Vietnam features extensive ethnolinguistic diversity and occupies a key position in Mainland Southeast Asia (MSEA). Vietnam, with its borders to China, Laos and Cambodia, has a rich geographical diversity, and ample access to human migration with the Red River and Mekong deltas, and a long coastline.
The early settlement of anatomically modern humans in MSEA dates back to at least 65 thousand years ago (kya) and is associated with the formation of a hunter-gatherer tradition called Hoabinhian. Since the Neolithic period, which dates to about ~4,000-5,000 years ago, cultural transitions and diversification have happened multiple times eventually leading to the extraordinary cultural diversity in present day MSEA.
According to the General Statistics Office of Vietnam, Vietnam has a population size of more than 96 million people comprising 54 official ethnic groups; 110 languages are spoken in the country.
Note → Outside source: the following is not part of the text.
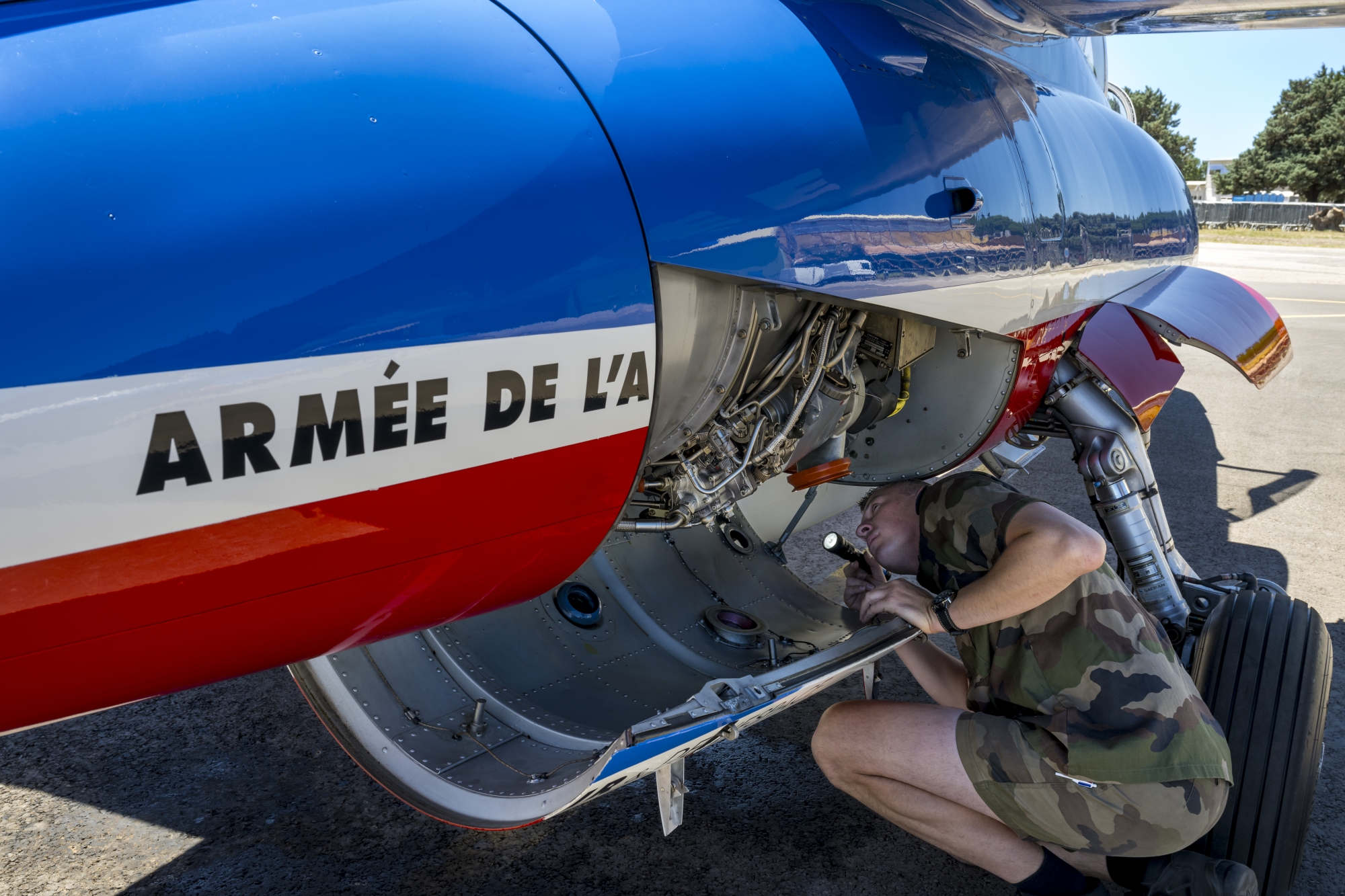 Dans le même temps, l’adjudant Nicolas Renard, son pistard, inspecte scrupuleusement l’avion de combat pour s’assurer de son aptitude à voler.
To date, there are hundreds of ethnolinguistic groups in MSEA, speaking languages belonging to five major language families: Austro-Asiatic (AA), Austronesian (AN), Hmong-Mien (HM), Tai-Kadai (TK), and Sino-Tibetan (ST).
Yet, the genetic diversity of Vietnam has remained relatively unexplored, especially with genome-wide data, because previous studies have focused mainly on the majority Kinh group.
Now, in a new paper published in the advanced online access edition of Molecular Biology and Evolution, Dang Liu, Mark Stoneking and colleagues have analyzed newly-generated genome-wide SNP data for the Kinh and 21 additional ethnic groups in Vietnam, encompassing all five major language families in MSEA, along with previously-published data from nearby populations and ancient samples.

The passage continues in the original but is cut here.